TASK DESCRIPTION: Copy out exactly, and only, the lines from the one containing "Smithville Apartment |" through the end of the entries. No pictures.
● ● ● ●
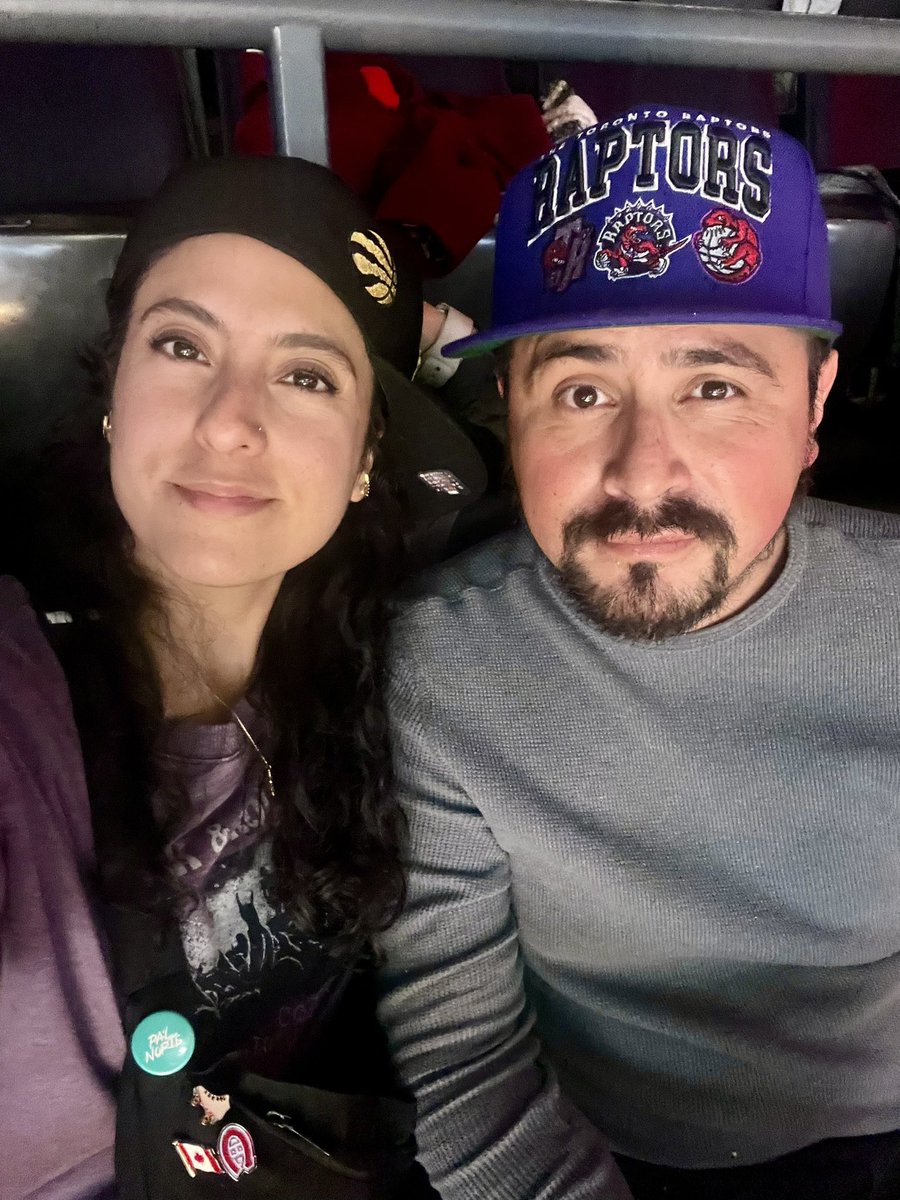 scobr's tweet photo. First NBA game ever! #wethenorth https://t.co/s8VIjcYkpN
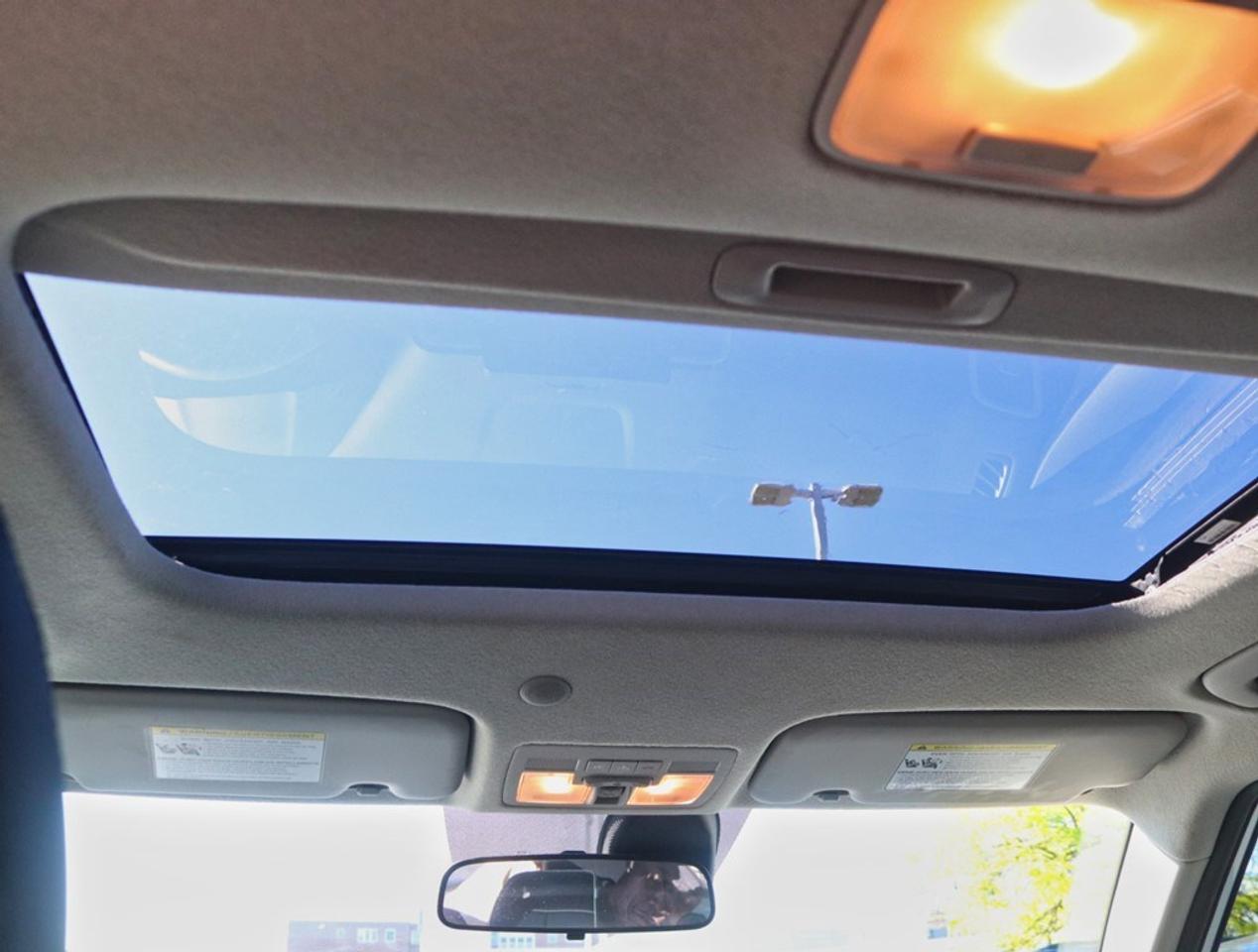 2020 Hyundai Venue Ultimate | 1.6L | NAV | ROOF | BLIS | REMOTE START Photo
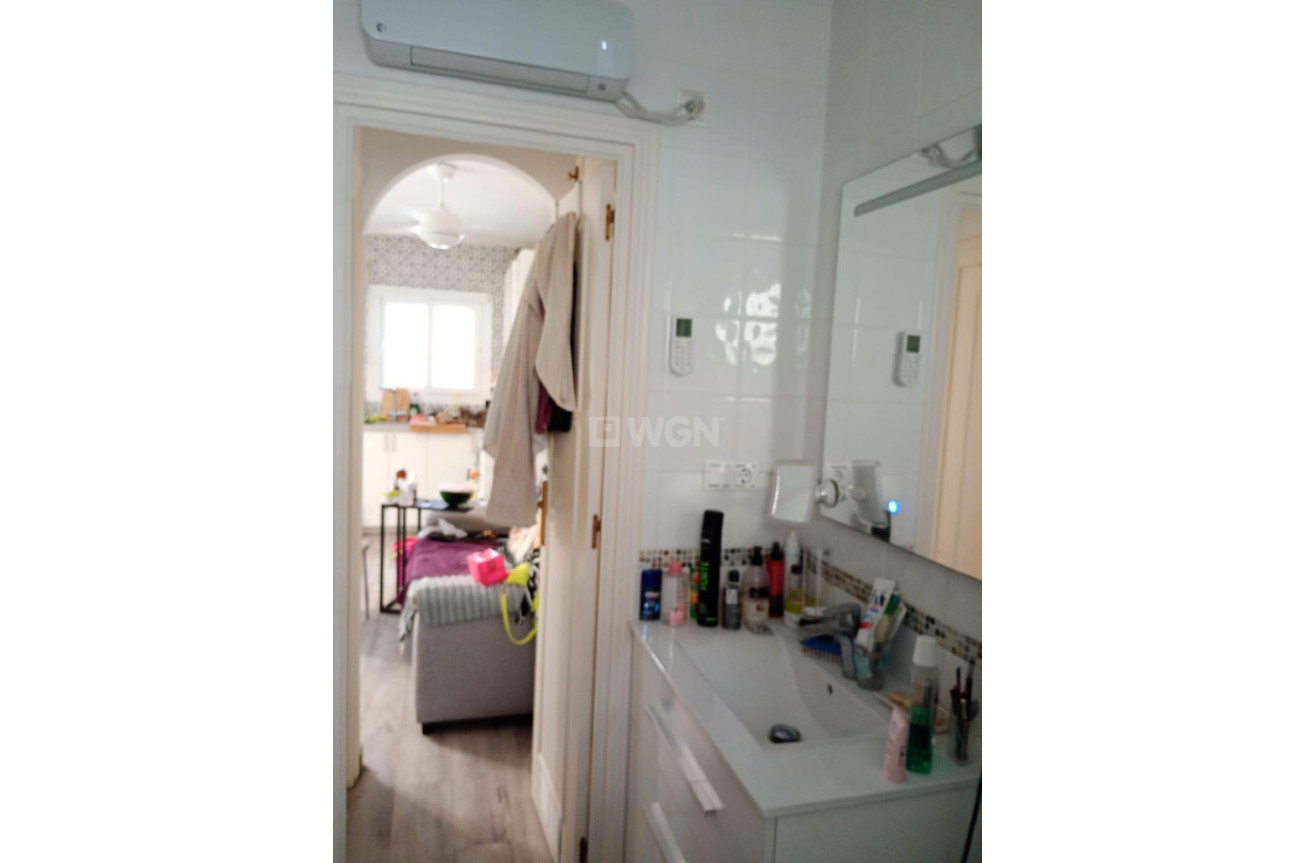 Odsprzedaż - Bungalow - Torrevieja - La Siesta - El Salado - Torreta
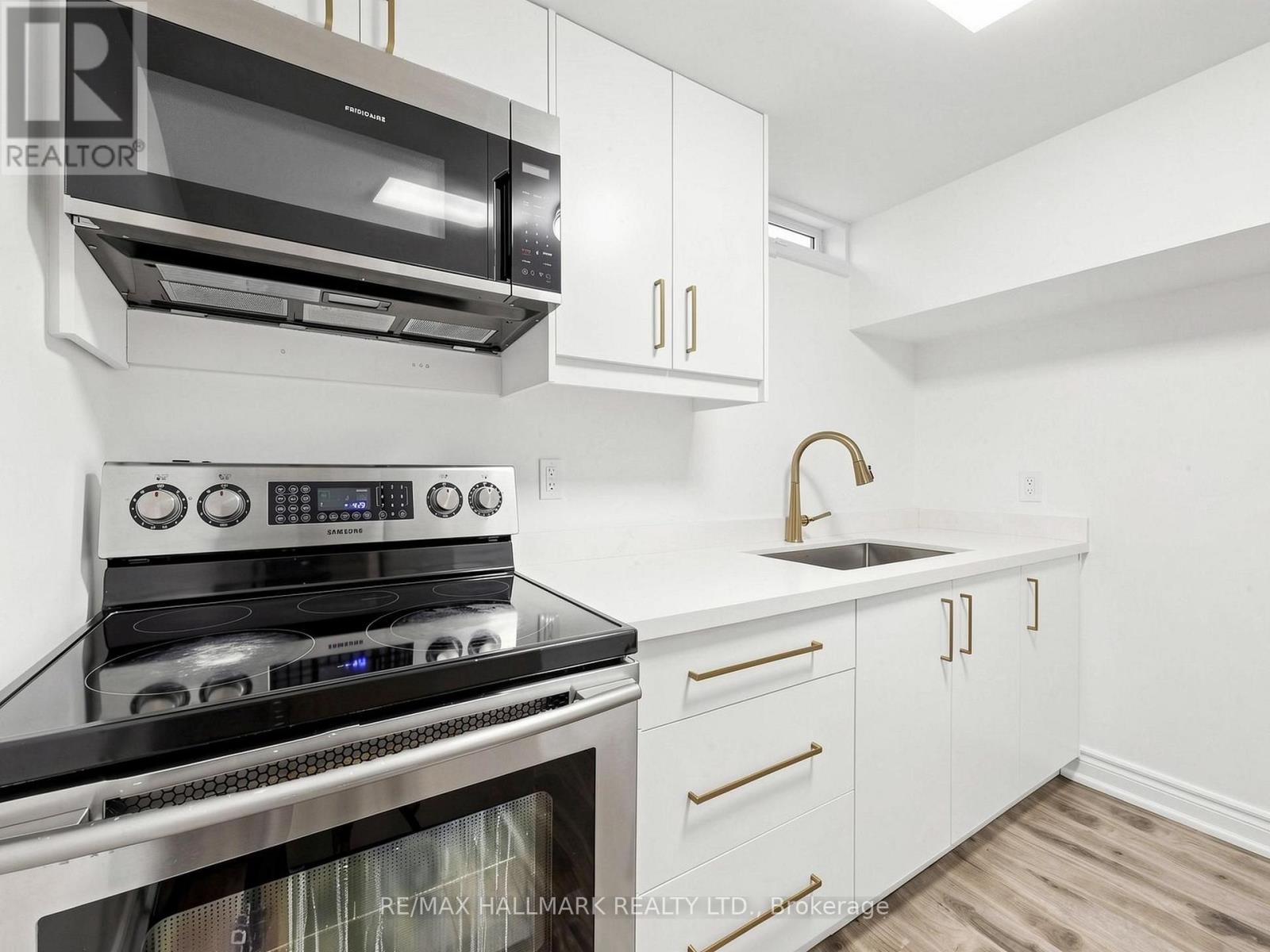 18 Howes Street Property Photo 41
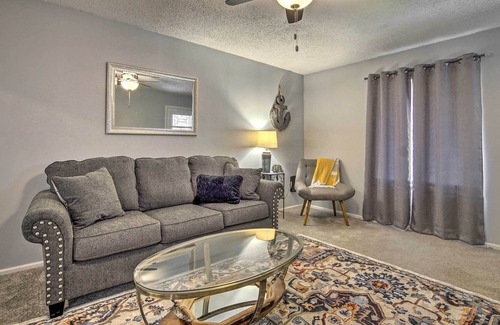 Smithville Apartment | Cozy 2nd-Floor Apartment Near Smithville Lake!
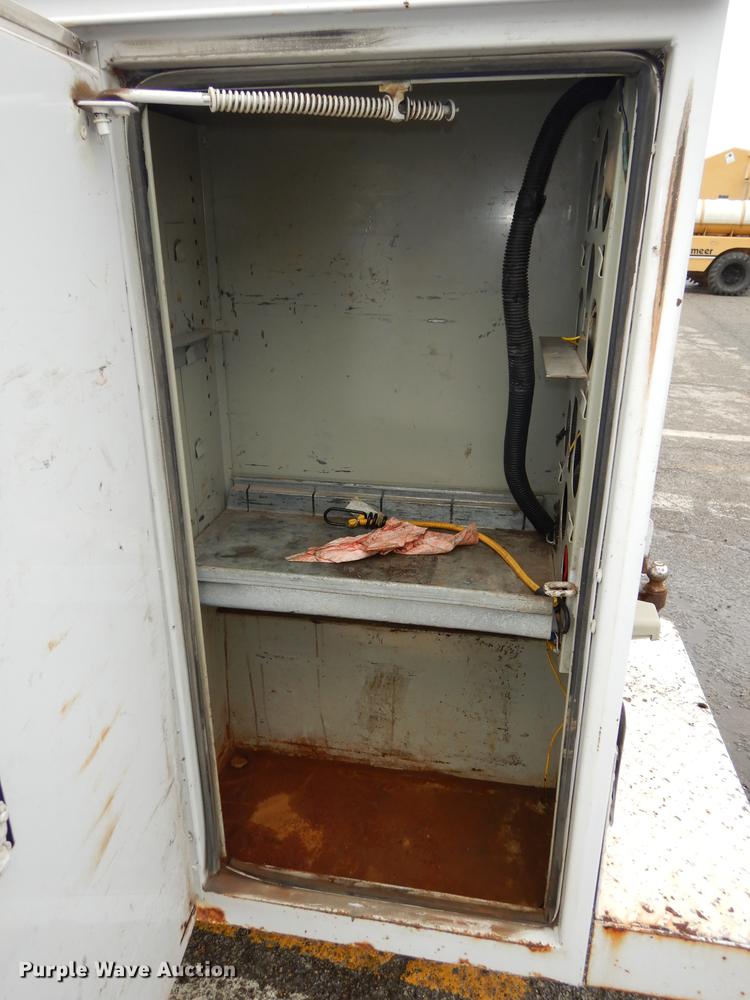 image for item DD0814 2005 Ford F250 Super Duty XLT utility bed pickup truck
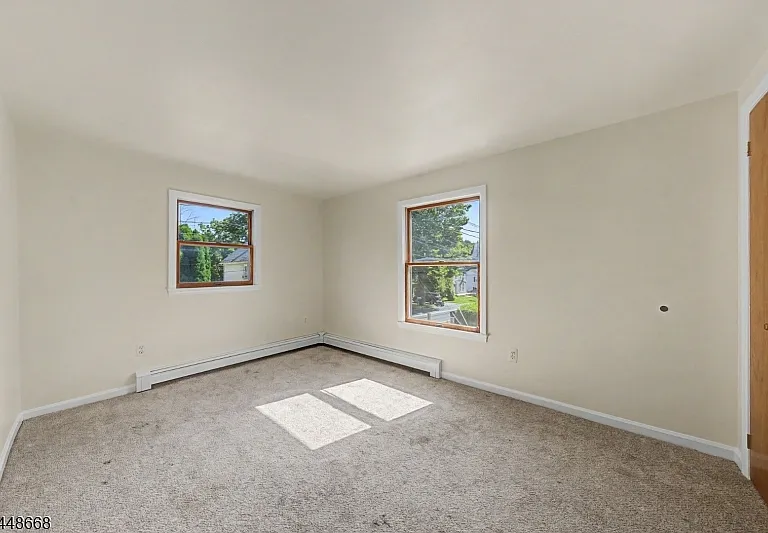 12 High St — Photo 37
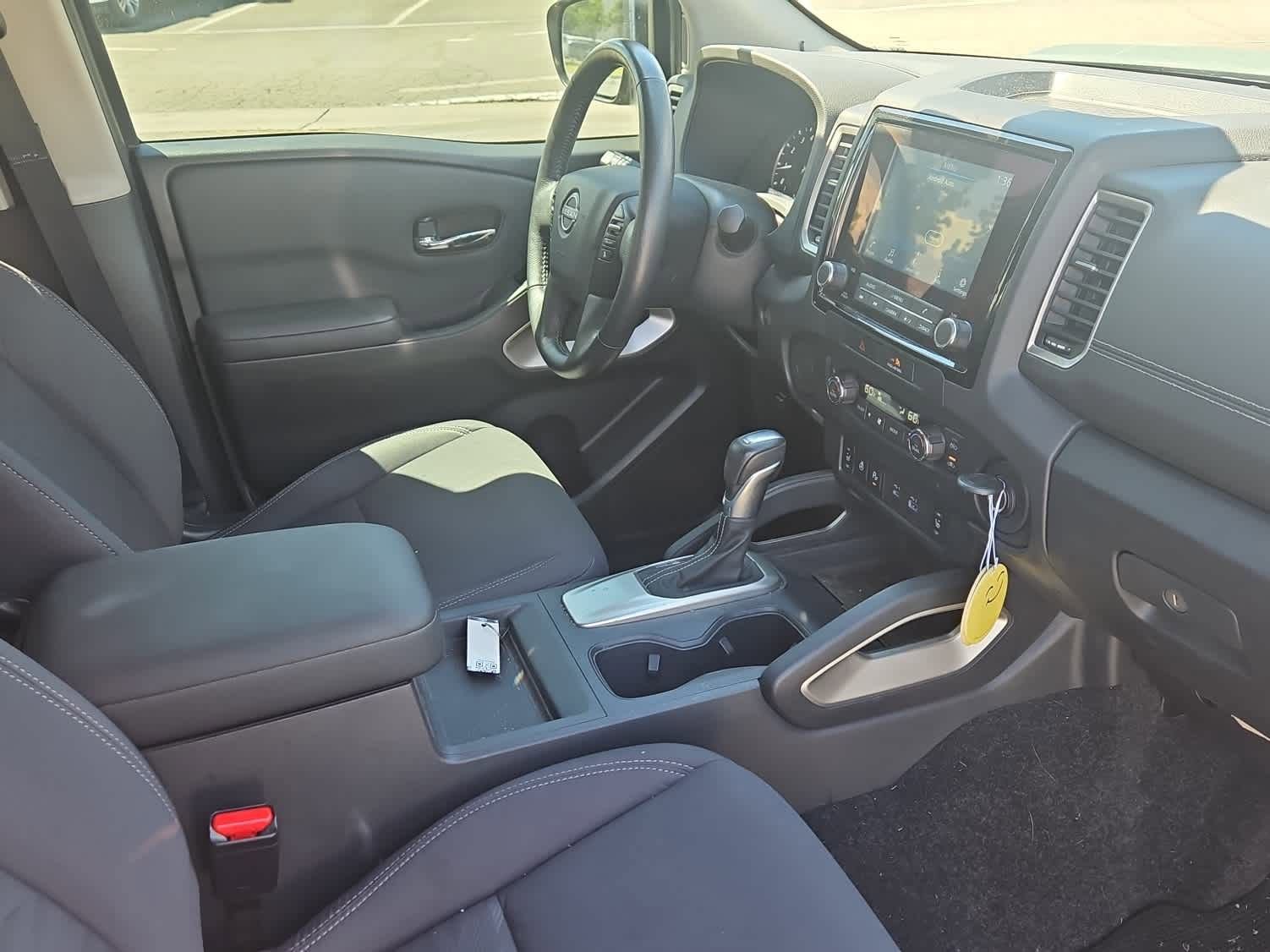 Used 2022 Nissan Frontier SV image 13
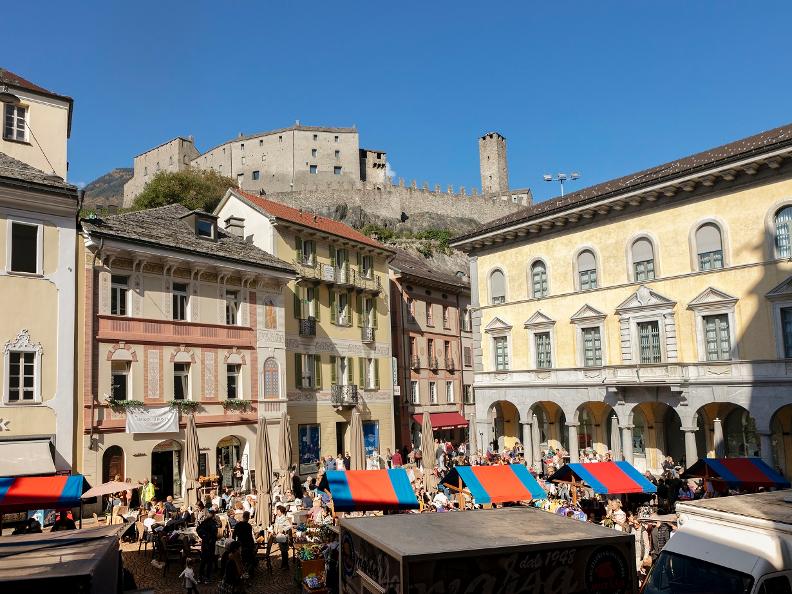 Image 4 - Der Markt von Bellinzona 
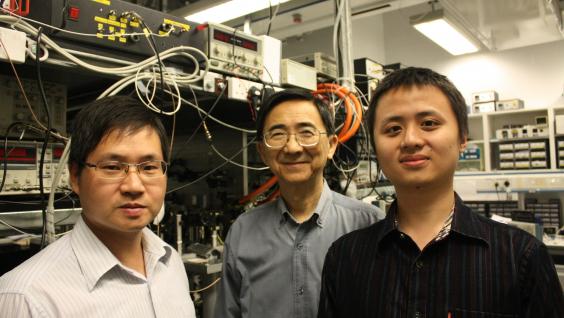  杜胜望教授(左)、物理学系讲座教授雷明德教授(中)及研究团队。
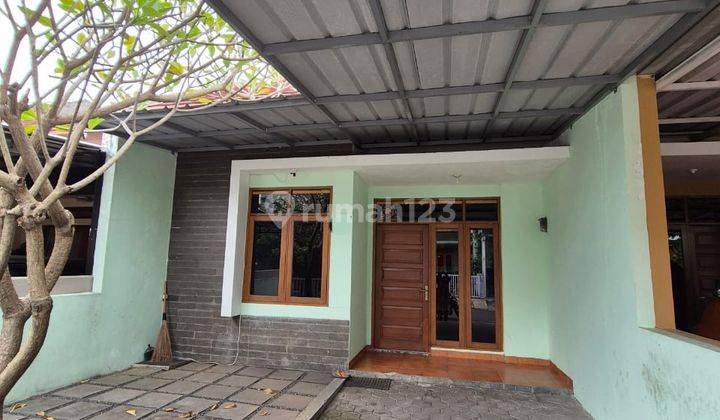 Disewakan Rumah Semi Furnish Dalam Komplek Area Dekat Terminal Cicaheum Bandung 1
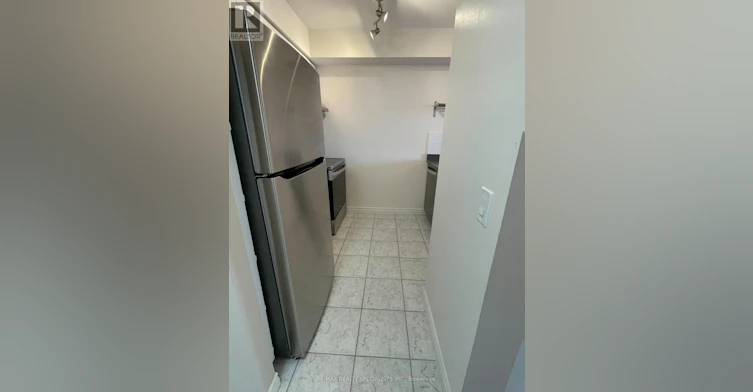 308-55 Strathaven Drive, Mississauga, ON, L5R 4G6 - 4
● ● ● ●
SOLUTION:
 Smithville Apartment | Cozy 2nd-Floor Apartment Near Smithville Lake!
 image for item DD0814 2005 Ford F250 Super Duty XLT utility bed pickup truck
 12 High St — Photo 37
 Used 2022 Nissan Frontier SV image 13
 Image 4 - Der Markt von Bellinzona 
  杜胜望教授(左)、物理学系讲座教授雷明德教授(中)及研究团队。
 Disewakan Rumah Semi Furnish Dalam Komplek Area Dekat Terminal Cicaheum Bandung 1
 308-55 Strathaven Drive, Mississauga, ON, L5R 4G6 - 4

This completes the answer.